======== Data in this exercise
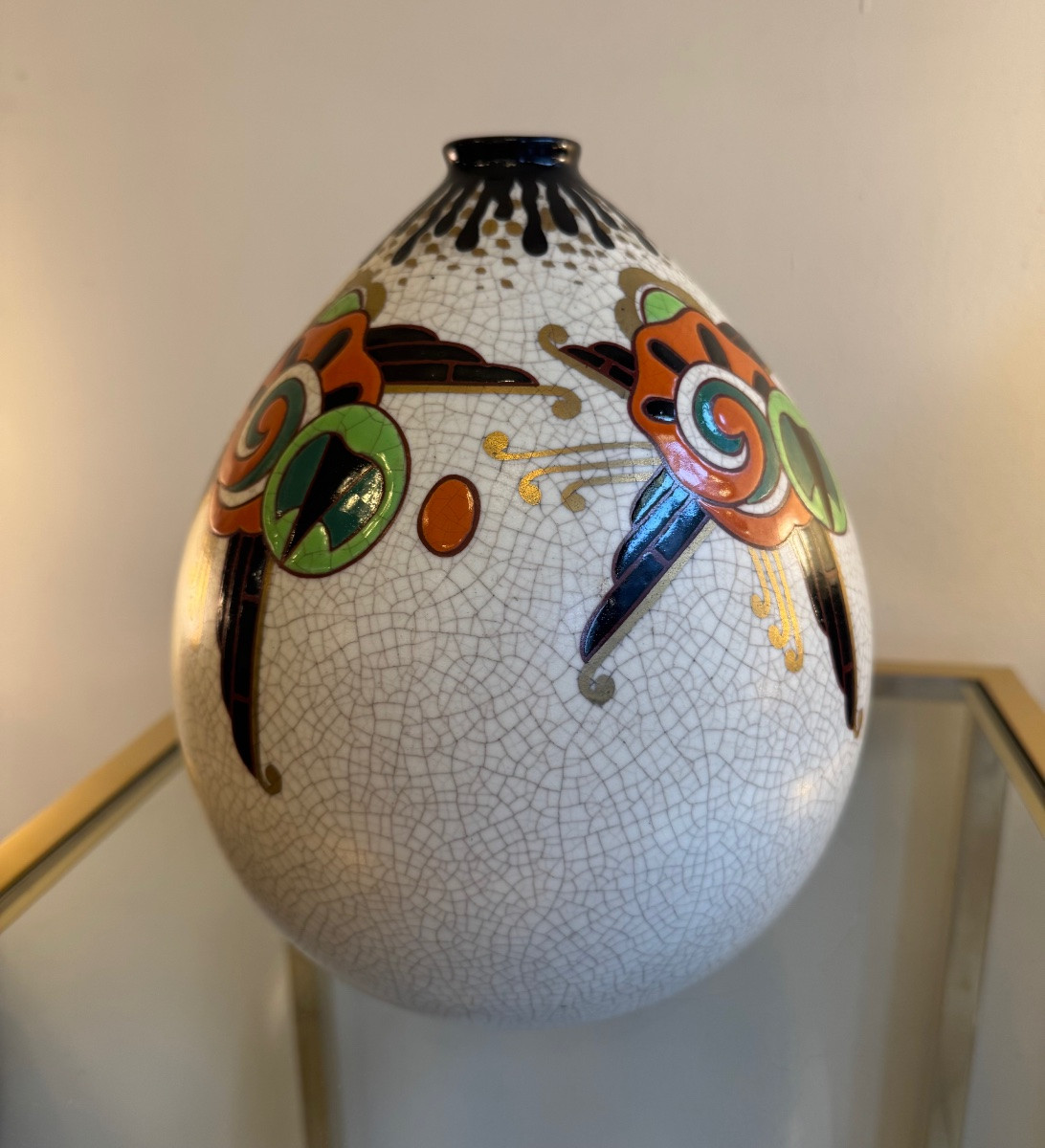 Vase Art Déco J.Martinache / Faïenceries d’Orchies / Céramique émaillée ( vases art deco 1930 )-photo-4
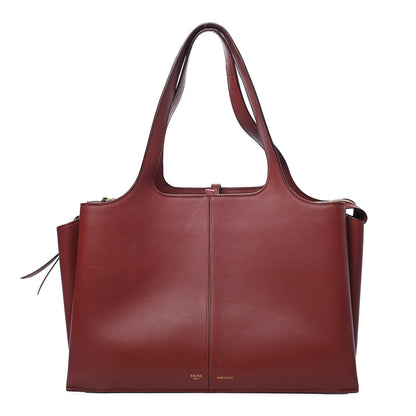 Celine Calfskin Medium Tri-Fold Bag Red Wood 1 of 9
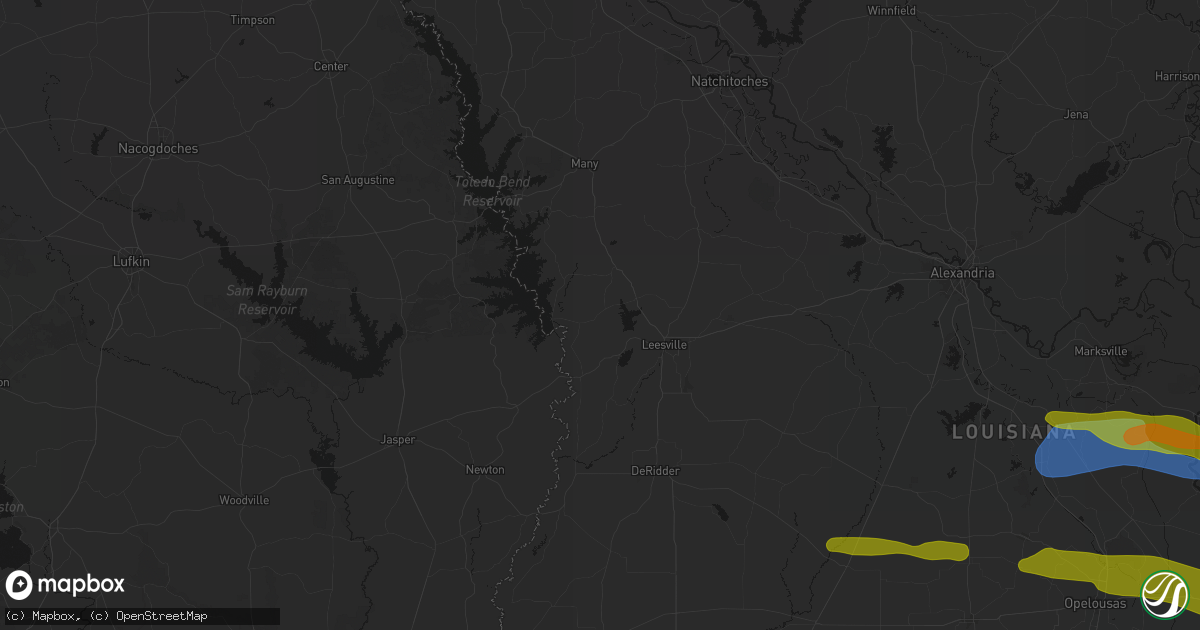 Hail map in Anacoco, LA on May 8, 2026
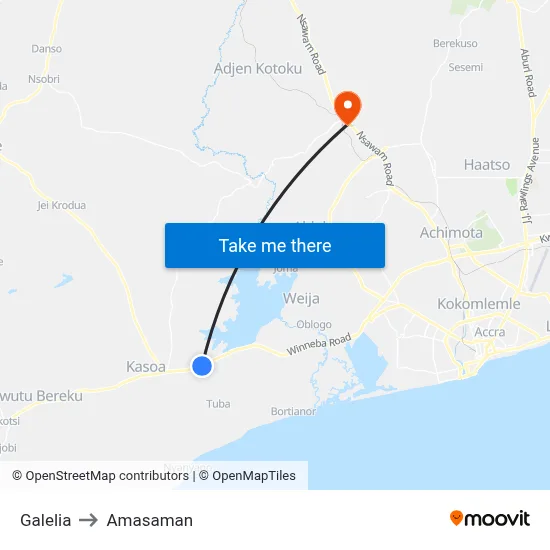 Galelia to Amasaman map
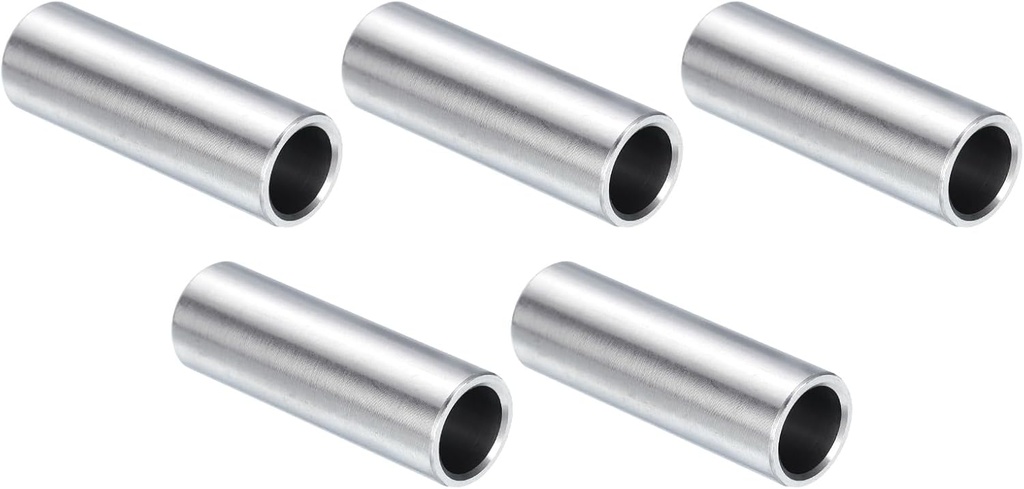 uxcell 5pcs Stainless Steel Spacer 3/8" Bore x 1/2" OD x 1-1/2" Length Screw Standoff Bushing Plain Finish Round Metal Spacer for 3/8 Screws Bolts and Rods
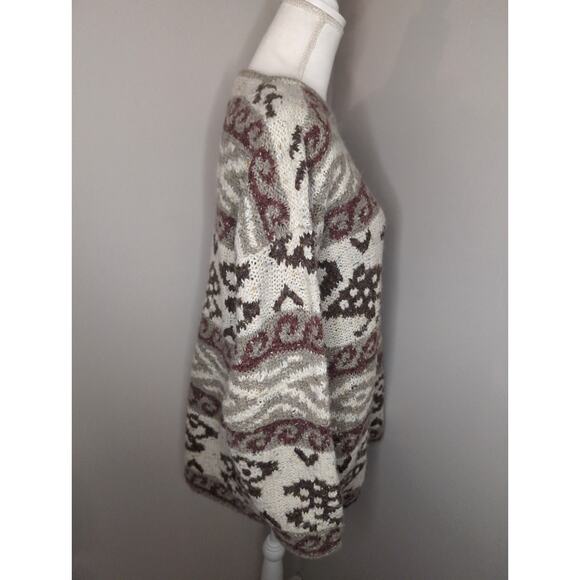 Vtg Express Tricot hand knit southwestern grandpa Aztec oversized sweater Lg - Picture 4 of 8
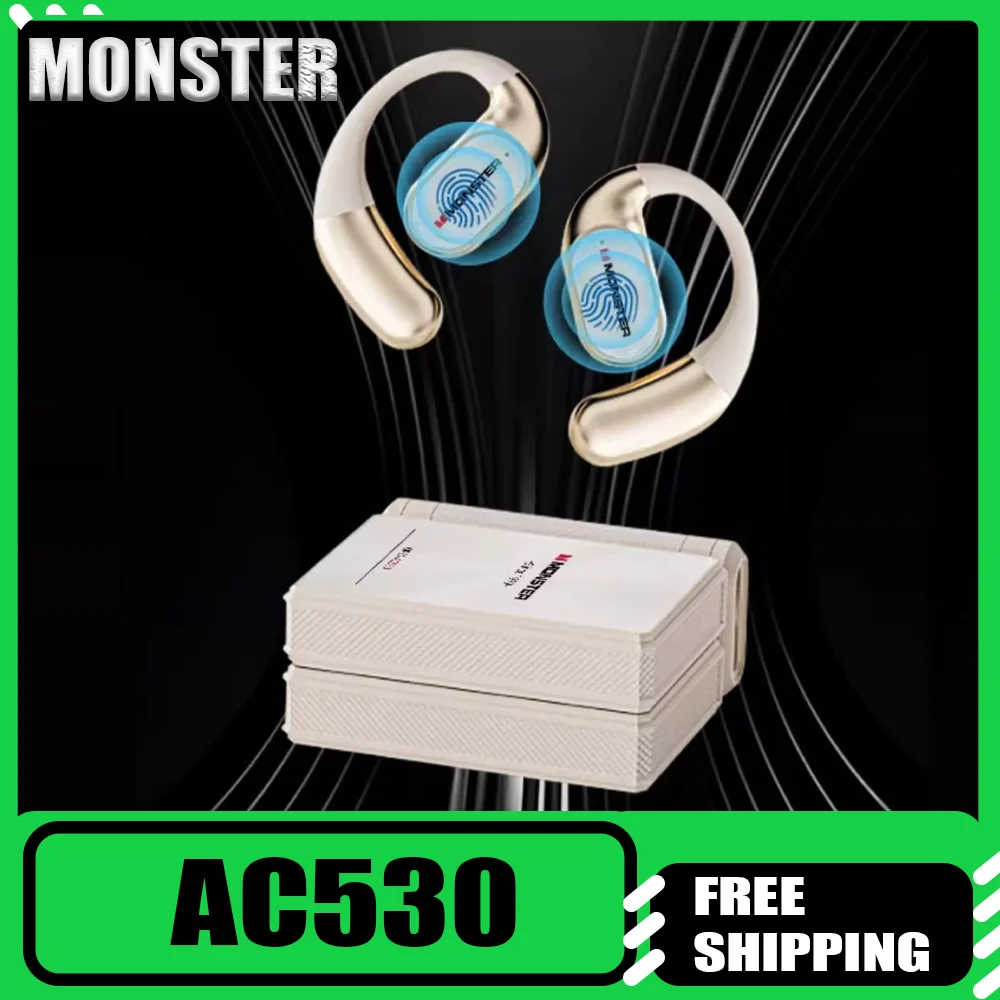 Earphone Bluetooth MONSTER AC530 Non-In-Ear Konduksi Tulang Nirkabel Olahraga Tahan Air Lipat Ganda Dapat Disesuaikan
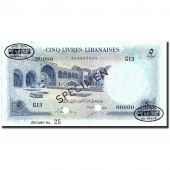 Banknote, Lebanon, 5 Livres, 1952-1964, Specimen TDLR, KM:56s1, UNC(65-70)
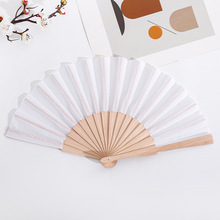 现货23cm原木扇纯色布面折叠扇外贸西班牙扇空白扇木制素面布扇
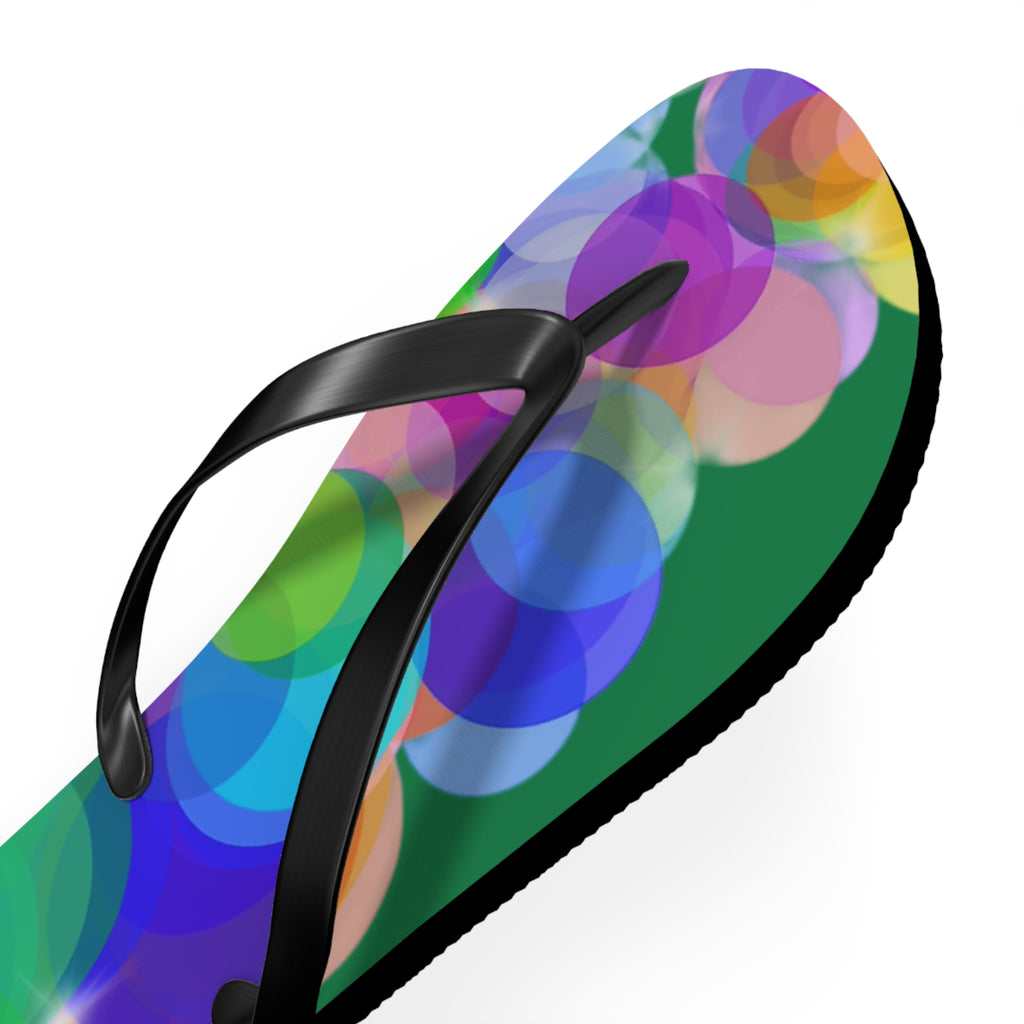 Flip Flops — Colorful Bokeh Circle Pattern Summer Sandals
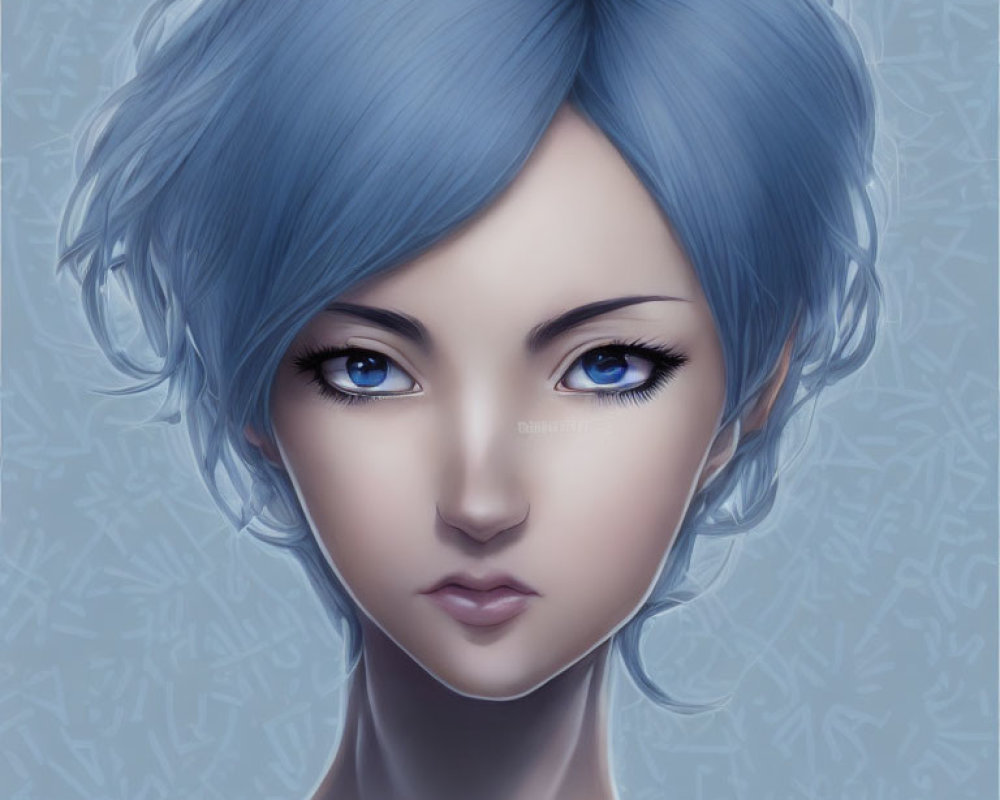 Female Figure with Blue Eyes and Short Blue Hair on Patterned Background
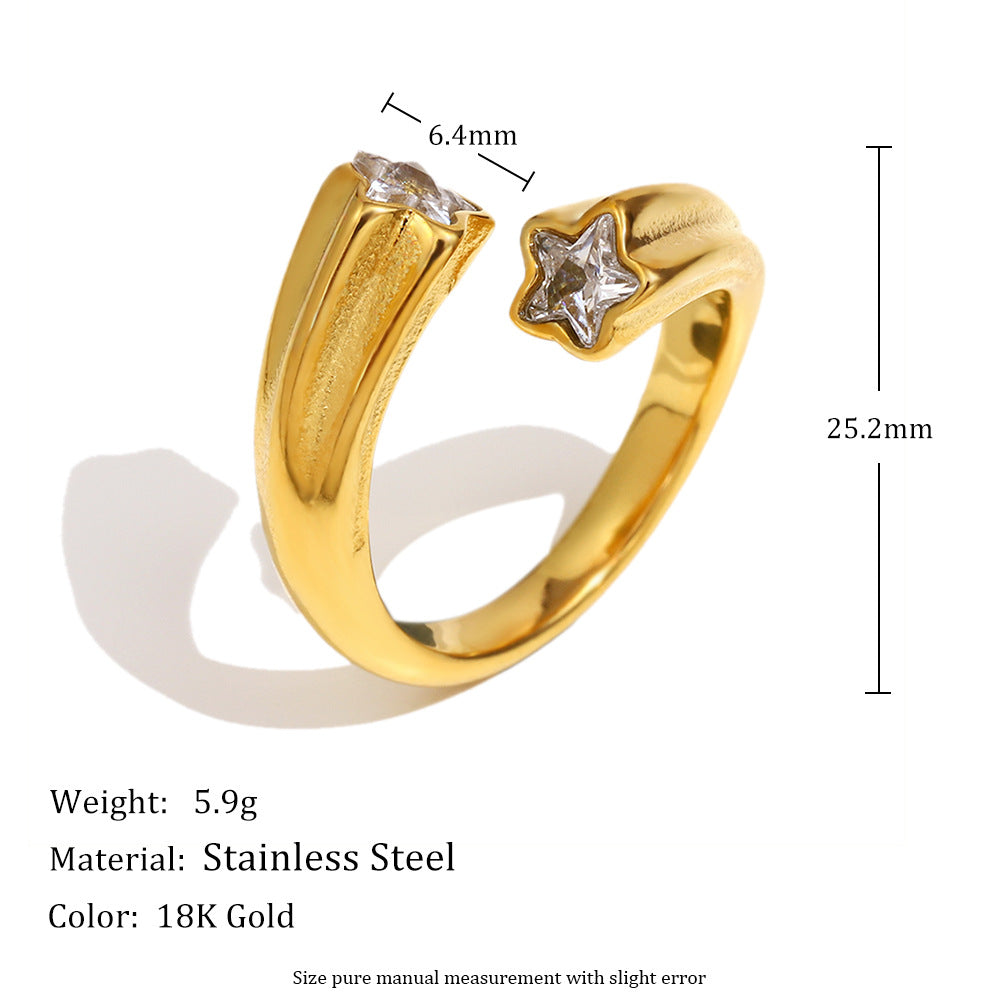 Fashionable Star-Shaped Stainless Steel Ring with 18K Gold Plating and Zircon Inlay for Women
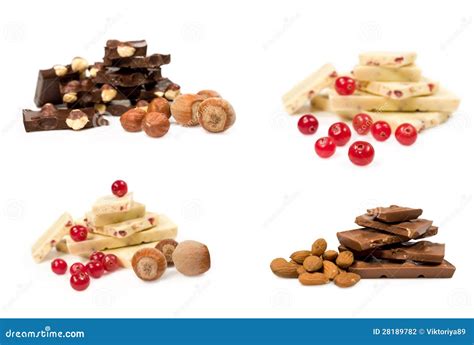 Set of Chocolate with Nuts and Berries Stock Photo - Image of nuts ...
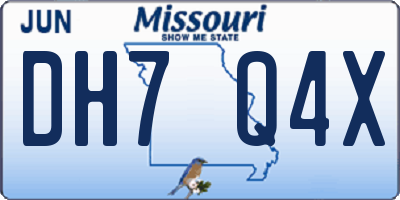 MO license plate DH7Q4X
================
Work task =>
Excerpt from the records above: set down only the lines from the one that contains "Hail map in Anacoco, LA on May 8, 2026" through the one that contains "Banknote, Lebanon, 5", inclusive, word for word. Pictures stay out.

Response for this exercise =>
 Hail map in Anacoco, LA on May 8, 2026
 Galelia to Amasaman map
 uxcell 5pcs Stainless Steel Spacer 3/8" Bore x 1/2" OD x 1-1/2" Length Screw Standoff Bushing Plain Finish Round Metal Spacer for 3/8 Screws Bolts and Rods
 Vtg Express Tricot hand knit southwestern grandpa Aztec oversized sweater Lg - Picture 4 of 8
 Earphone Bluetooth MONSTER AC530 Non-In-Ear Konduksi Tulang Nirkabel Olahraga Tahan Air Lipat Ganda Dapat Disesuaikan
 Banknote, Lebanon, 5 Livres, 1952-1964, Specimen TDLR, KM:56s1, UNC(65-70)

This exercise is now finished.